What the task requires: Each line below from the "Mięso w sosie" line through the "Cozy living room" line, those two included, must be restated word for word; the pictures must not be.

Records:
===============
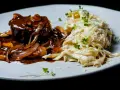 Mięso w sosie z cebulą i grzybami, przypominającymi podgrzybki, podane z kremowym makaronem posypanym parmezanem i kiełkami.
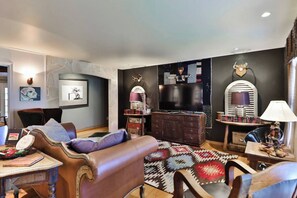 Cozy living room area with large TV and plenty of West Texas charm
===============
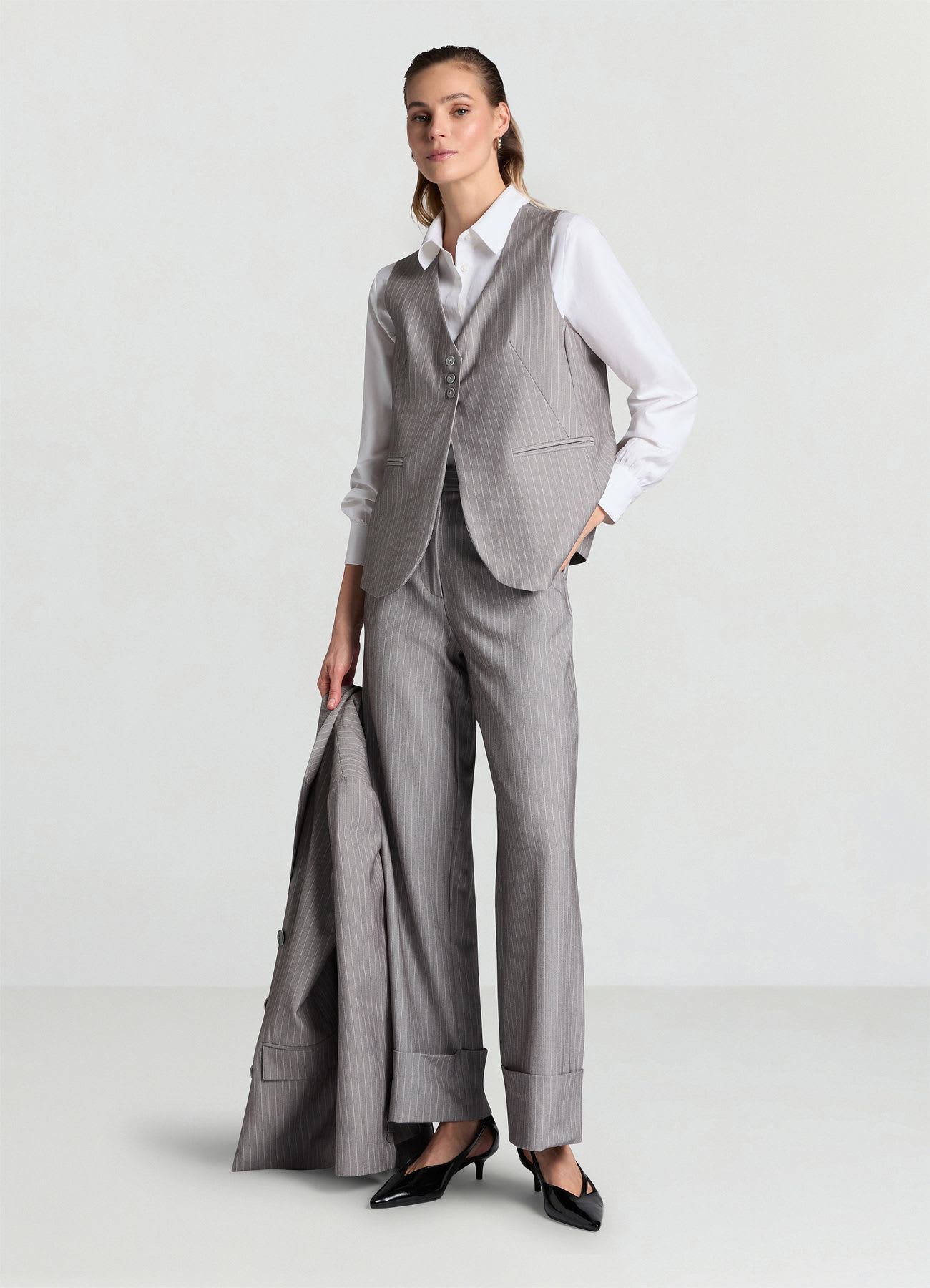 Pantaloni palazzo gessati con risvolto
===============
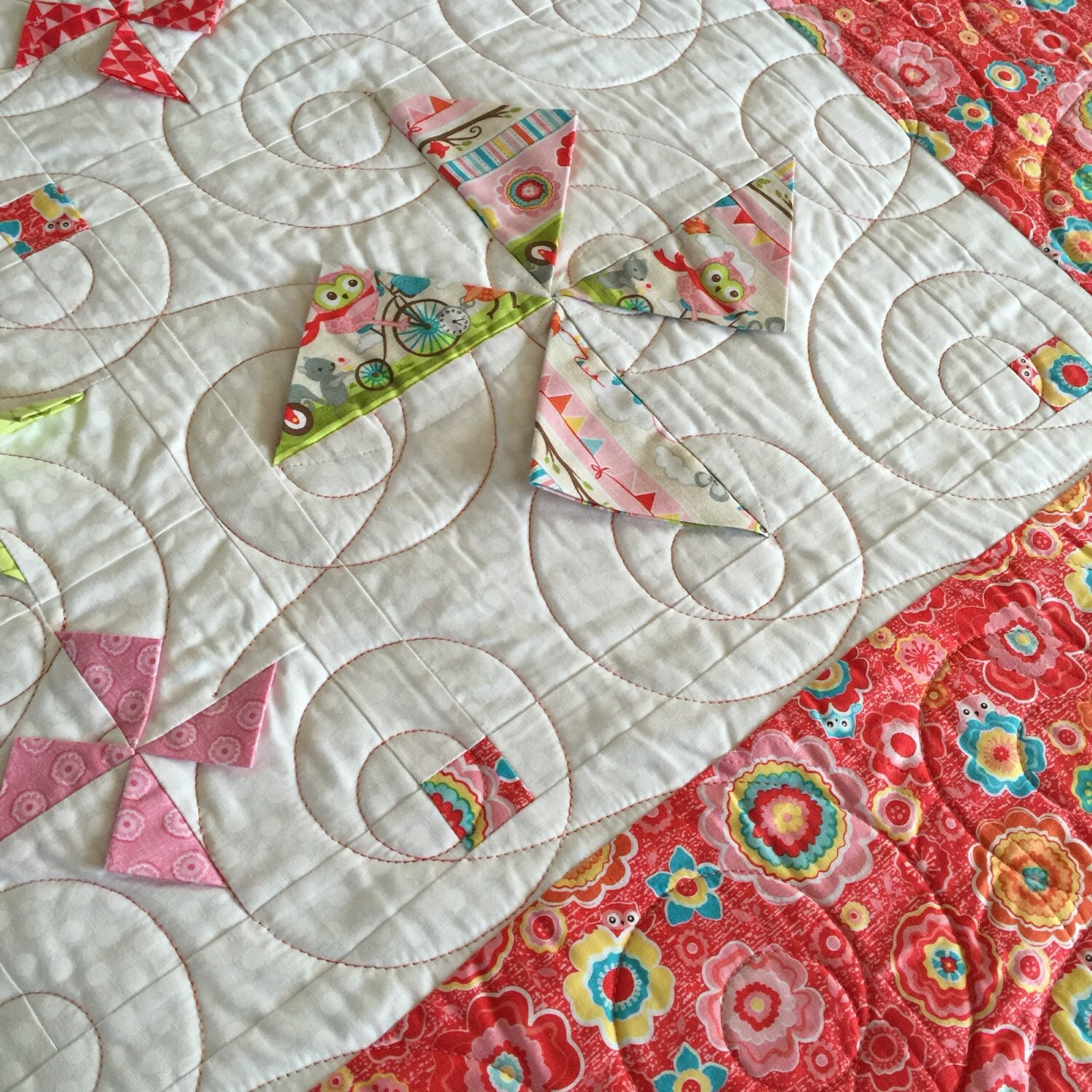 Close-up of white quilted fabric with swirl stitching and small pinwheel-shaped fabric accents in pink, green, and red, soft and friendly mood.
===============
Answer box:
 Mięso w sosie z cebulą i grzybami, przypominającymi podgrzybki, podane z kremowym makaronem posypanym parmezanem i kiełkami.
 Cozy living room area with large TV and plenty of West Texas charm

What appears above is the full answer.